- Data supplied:
★ ★ ★ ★

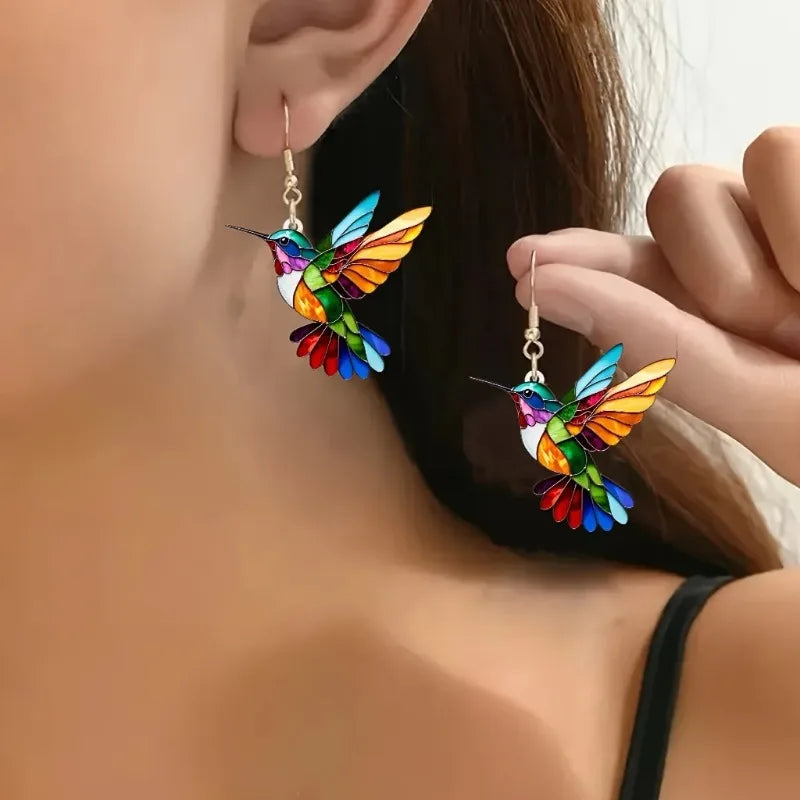 Acrylic hummingbird earrings featuring vibrant rainbow colors, lightweight 2.5-inch statement dangles perfect for adding a pop of color to any outfit. 0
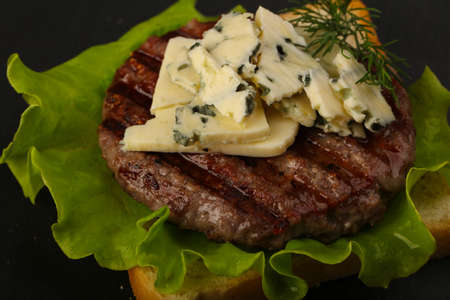 Sandwich with blue cheese and burger cutlet on blackの写真素材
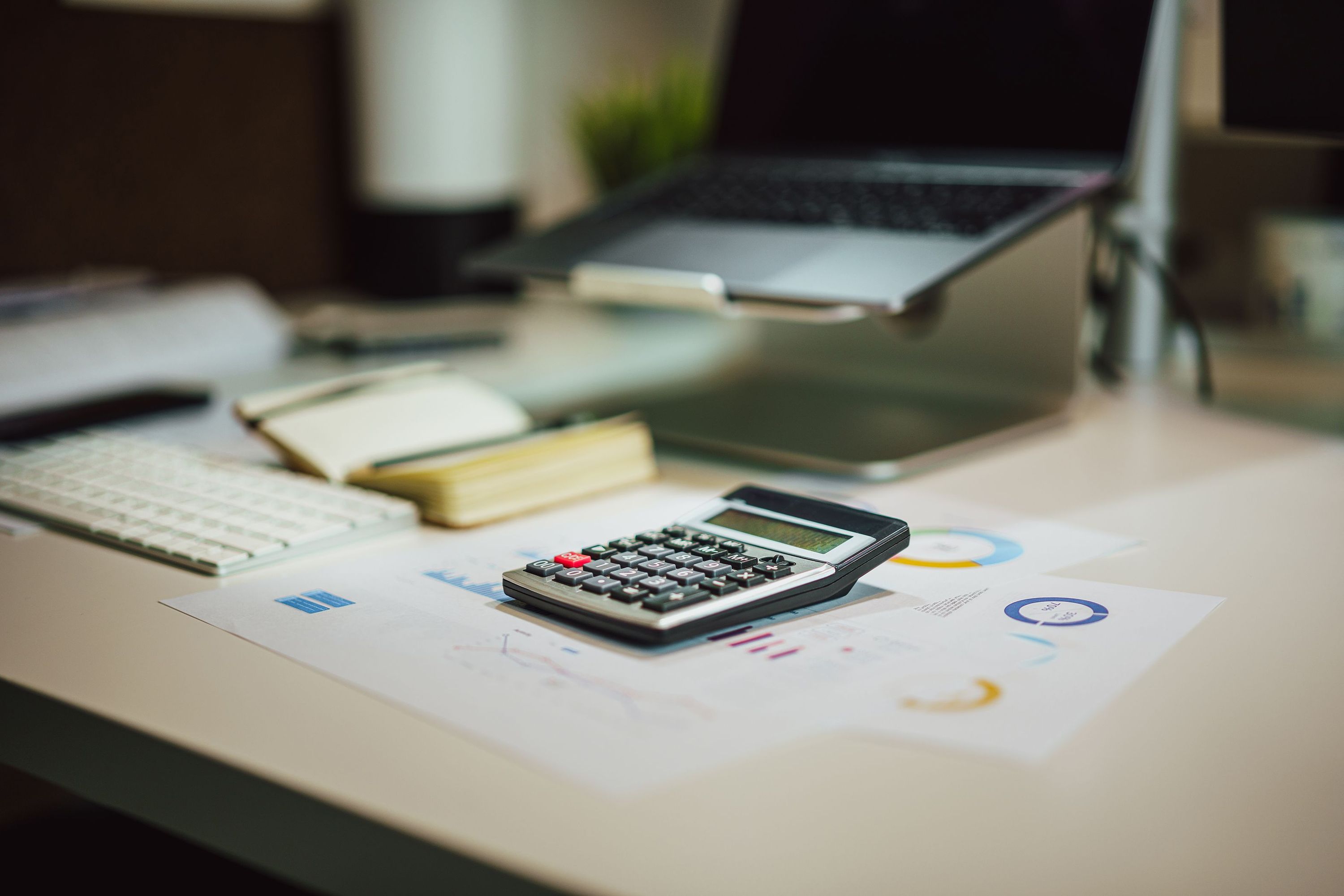 Calculator on printed charts beside a keyboard, notepad, and laptop on a desk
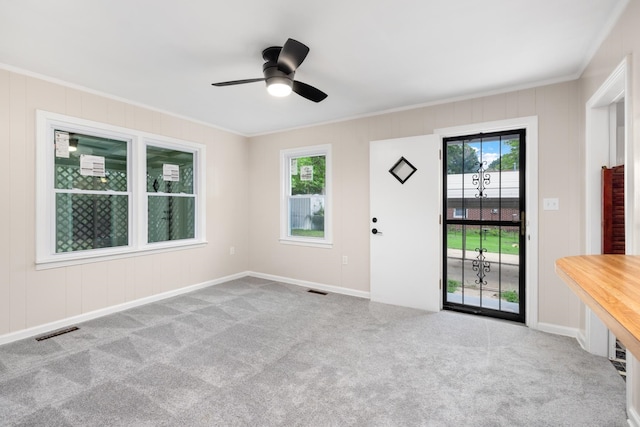 interior space featuring ceiling fan, ornamental molding, and a healthy amount of sunlight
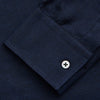 View 3 of product The Turnbull & Asser Navy Weekend Fit Nevis Cotton-Cashmere Shirt features a Dorset collar, 1-button cuffs, and is laid flat on a white background.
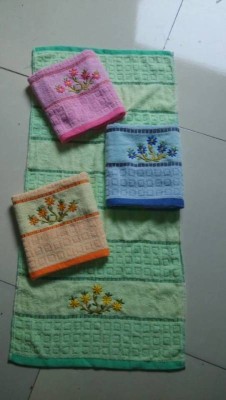 Cut small embroidered bath towel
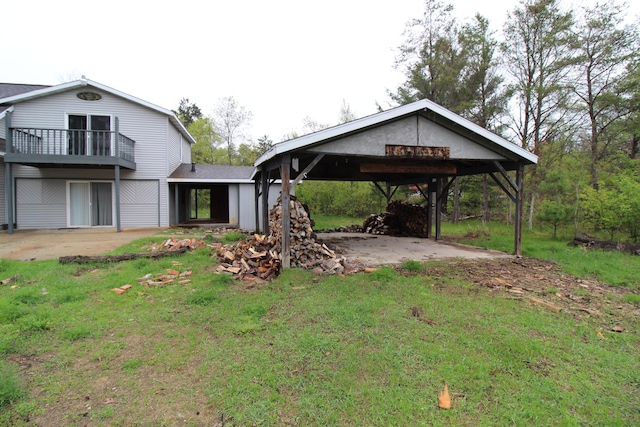 7844 Gilbert Trl, Grayling, MI 49738 - view of grassy yard with a balcony, driveway, and a detached carport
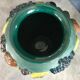 Green ceramic vase with polychrome decoration of fruits and vegetables in relief 33.5 cm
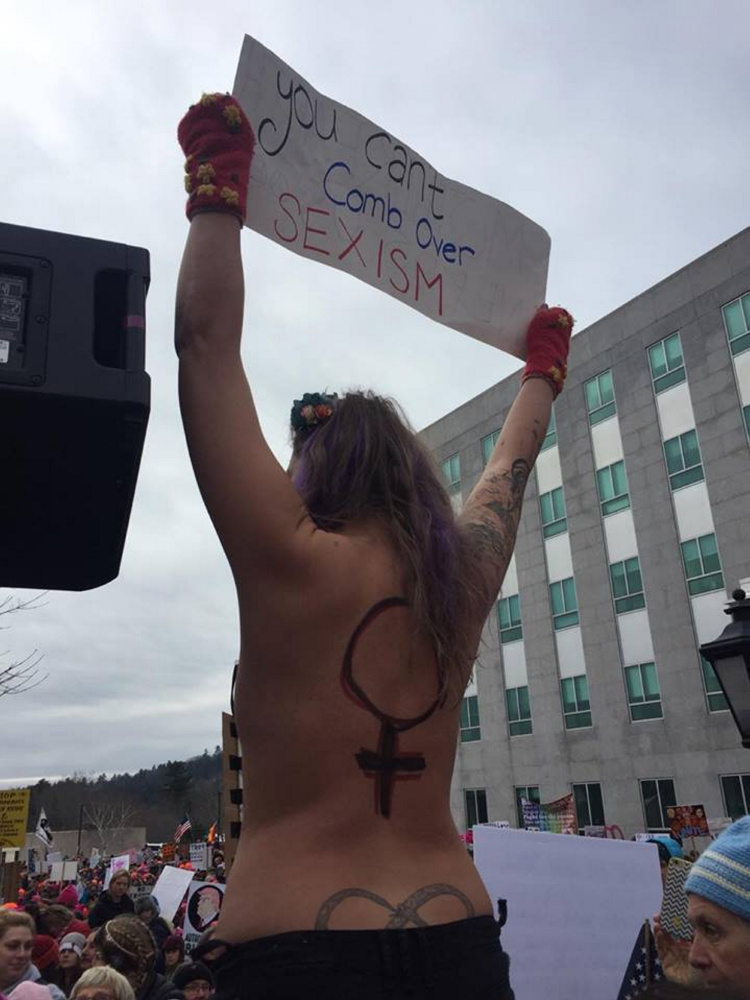 When Capitol Police tried to get this topless woman to step down from a pillar on Saturday at the Women's March on Maine rally in Augusta, the officer was bitten on the hand by another woman, police said.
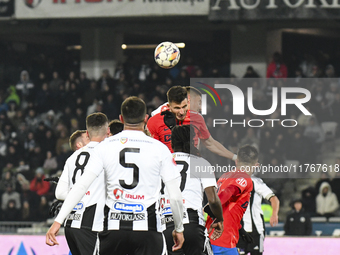 Mihai Popescu is in action during the Superliga match between Universitatea Cluj and FCSB at Cluj Arena in Cluj, Romania, on November 10, 20...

★ ★ ★ ★

Retype, word for word, the lines from the one with "interior space featuring" through the last line of the entries above, and only those lines. Leave pictures out.

 interior space featuring ceiling fan, ornamental molding, and a healthy amount of sunlight
 View 3 of product The Turnbull & Asser Navy Weekend Fit Nevis Cotton-Cashmere Shirt features a Dorset collar, 1-button cuffs, and is laid flat on a white background.
 Cut small embroidered bath towel
 7844 Gilbert Trl, Grayling, MI 49738 - view of grassy yard with a balcony, driveway, and a detached carport
 Green ceramic vase with polychrome decoration of fruits and vegetables in relief 33.5 cm
 When Capitol Police tried to get this topless woman to step down from a pillar on Saturday at the Women's March on Maine rally in Augusta, the officer was bitten on the hand by another woman, police said.
 Mihai Popescu is in action during the Superliga match between Universitatea Cluj and FCSB at Cluj Arena in Cluj, Romania, on November 10, 20...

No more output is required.